The fair ran over two days so on the second day I was back, this time with three mates. I'd been telling them about Gauntlet and telling them we could all play simultaneously (which they didn't believe). So on the next evening between the four of us we decimated the game. Pretty much everything else on offer in those arcades was ignored (and let's not forget, 1985 / 86 were absolutely GOLDEN years for arcade games) while we attempted to find out what was at the end of Gauntlet. I don't think any of us ever found out (in fact I just had to go and google to see what the last level looked like!)

At the time I remember thinking how amazing it would be if Gauntlet was converted for home gaming machines. Back then I was rocking a Spectrum and a Commodore 64 and there was only one game that came close to Gauntlet before the game was actually officially converted for just about every gaming system under the sun, the rather cheeky clone called "Druid" on the C64. 

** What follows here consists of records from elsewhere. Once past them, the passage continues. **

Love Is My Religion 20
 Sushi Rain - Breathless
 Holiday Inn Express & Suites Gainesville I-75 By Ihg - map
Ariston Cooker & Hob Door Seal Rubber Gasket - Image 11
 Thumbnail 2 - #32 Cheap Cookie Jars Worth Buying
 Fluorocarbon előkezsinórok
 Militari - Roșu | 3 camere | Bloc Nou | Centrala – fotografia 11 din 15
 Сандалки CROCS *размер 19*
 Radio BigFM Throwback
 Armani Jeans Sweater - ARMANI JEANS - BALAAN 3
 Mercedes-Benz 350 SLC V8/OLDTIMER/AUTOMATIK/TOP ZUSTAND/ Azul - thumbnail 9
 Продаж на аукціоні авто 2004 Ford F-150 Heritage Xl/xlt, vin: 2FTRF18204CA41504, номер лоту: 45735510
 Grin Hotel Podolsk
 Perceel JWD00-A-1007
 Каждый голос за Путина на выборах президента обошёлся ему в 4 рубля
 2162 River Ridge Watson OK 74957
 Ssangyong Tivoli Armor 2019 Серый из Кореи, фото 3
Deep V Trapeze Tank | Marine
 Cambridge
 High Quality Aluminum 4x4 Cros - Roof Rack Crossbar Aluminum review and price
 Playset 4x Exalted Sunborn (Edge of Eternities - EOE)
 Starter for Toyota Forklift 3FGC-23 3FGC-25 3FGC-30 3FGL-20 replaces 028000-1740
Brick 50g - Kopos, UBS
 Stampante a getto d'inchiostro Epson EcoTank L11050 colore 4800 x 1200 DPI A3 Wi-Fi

Druid (C64) - Not at all like Gauntlet. No sireee. Nope. 

No four players, but two if you had a Golem on the 2nd joystick. Druid was very much an homage to Gauntlet and it satisfied my need for a home version of the game for quite some time. It didn't have endless armies of enemies but it had enough common elements nicked from Gauntlet to feel a lot like it in terms of gameplay and challenge. 

It didn't take long before Gauntlet made the leap home. The C64 version was absolutely fantastic: 

Gauntlet (C64) - An amazing conversion considering the power of the machine

It only had a two player mode but it was almost identical to the arcade version. Up until I traded my C64 for an Atari ST this was the best home version of Gauntlet available. 

The Atari ST version, however, was arcade perfect in pretty much every way: 

Gauntlet (Atari ST) - Utterly perfect!

...and best of all it had an adaptor that came with the deluxe versions of the game that allowed for up to four players. No mean feat to find four people to cluster around my tiny little colour telly (at the time) and play the game just as it was back in those heady days at the fair. 

By then Gauntlet II was also available, with even more levels and challenges and I hoovered it up as soon as it was released. Improving on the original with new baddies and a fearsome new final level, it was the last good version of the game. Pretty much everything else that followed with the label "Gauntlet" attached to it never quite matched up to the brilliance of those original first two games. 

Playing it again recently (via MAME) I was only meant to dip in for a few minutes but found myself completely hooked all over again. The balance of all the elements that make a scintillating and successful arcade game are all in there. It looks great, it sounds great, it plays great and it's ludicrously simple yet fiendishly challenging as each level unfolds and I still love it to absolute bits.